The GAA's director of games, Pat Daly, who was part of the committee that drew up the experimental yellow-card rules, was monitoring match statistics throughout the league, and says the foul count on Sunday shows a definite rise on what was the seen under the experimental rules.
"If you take the Fermanagh-Down game, with 58 fouls than that's definitely a high free count, by any standards," says Daly, "In the league, under the experimental rules, we would have been running at between 30 and 40 fouls. Even less in some games, and maybe some more in others. But the average would have been around 30 to 35.
"I know conditions were bad, and worse in Parnell Park. But at the same time the playing conditions during the National League were often bad as well. I remember the Donegal-Dublin game was played in a gale and monsoon, and they were still able to play a decent brand of football."

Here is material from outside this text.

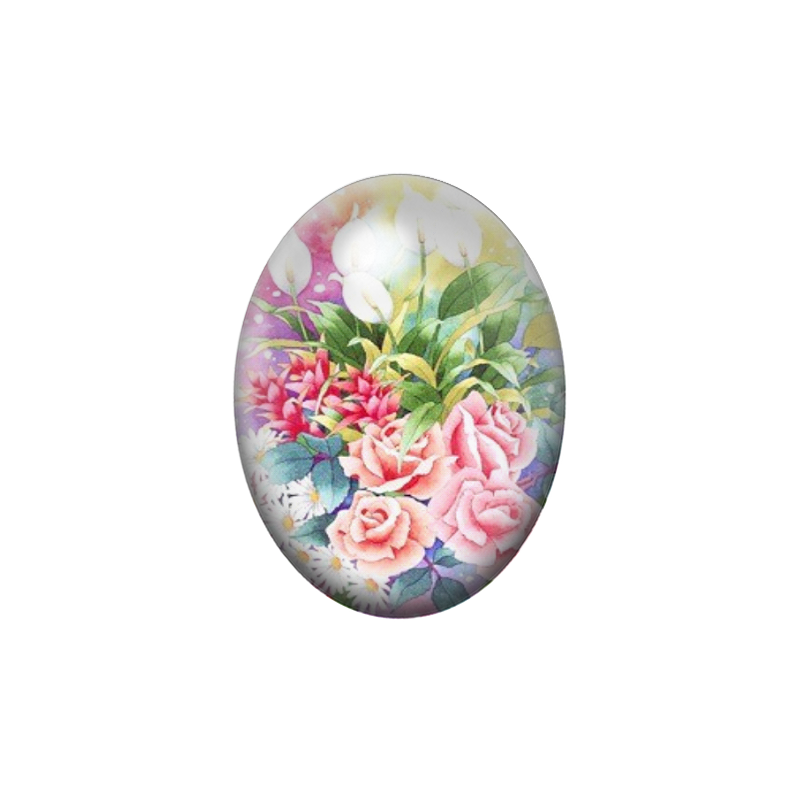 Cabochon en Verre Illustré Fleurs 13x18, 18x25 ou 30x40mm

Such a scenario hasn't been without warning. In one of his last acts as GAA president, Nickey Brennan declared that "a decision to reject these proposals won't be good for the association" and "I think that will be proven during the summer if they are rejected at Congress" - which of course they were, albeit by a narrow margin.
Brennan's replacement, Christy Cooney, promptly announced the proposed yellow-card rules would certainly be revisited in time. Daly clearly believes that can't be soon enough.

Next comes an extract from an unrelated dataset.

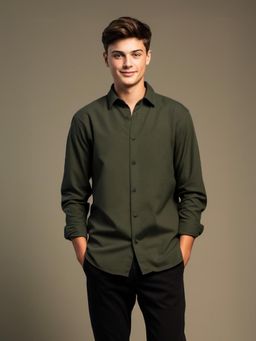 HE SPOKE - Olive Casual Tailored Fit Cotton Shirt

"Nothing has happened so far, but it will be taken up again," he says. "The games are always being reviewed, and we're conscious as well that next year is a playing rules change year. And it's not as if we're coming from a standing start. A fair bit of the preparatory work has been done, and we won't have to develop a whole awareness about the thing again. People should be much more tuned in to what's being done, and why it's being done.
"Particularly if we do get some continued regression, if the fouling rate continues to go up, and the negative, cynical stuff creeps back into the game. Body-colliding had effectively disappeared from the game, but was back again on Sunday. So we'll systematically go through the games, edit out material, and try to identify trends. If you're making a case for change it has to be evidence based, with video, and facts."

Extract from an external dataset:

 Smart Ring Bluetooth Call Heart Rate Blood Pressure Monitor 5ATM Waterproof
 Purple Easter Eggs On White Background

Conditions in Parnell Park certainly weren't conducive to quality football, but that didn't excuse two of Carlow's yellow cards late in game, both for remonstrating with match referee Pádraig Sinnott. For Derek Hayden, it was his second yellow card and resulted in his sending off.
Under the experimental yellow-card rules, such remonstration was an automatic yellow card, which Daly says helped clear up some of the confusion surrounding such offences.
"The experimental disciplinary rules were about classifying foul play. Abusing a referee is a sending off offence. But you seldom enough see that happening, even though there is a lot of it going on.
"But if the referee was sending the player off, and he was substituted, he'd be more likely to take that option. Equally, the player is less likely to engage in that kind of behaviour, because he'll know the referee has the option here, and won't hesitate in taking that option.
"It's a case of getting the balance right between deterrents and actually sending the player off. But ultimately it's about players being responsible for their own behaviour, and the only way you'll get them to do that is by putting effective deterrents in place. There's no point in saying abusing a referee is a red card offence, because referees largely don't give red cards for abuse."
At the end of the experimental rules, the GAA concluded they had produced the following: 1, More playing time; 2, More scores from play; 3, Less frees; 4, Less scores from frees; 5, Higher overall scoring rate in football; 6, More consistent application of the playing rules (referee assessments have also been factored in here); 7, Less foul play.
Sunday's opening games suggests a reversal on all counts.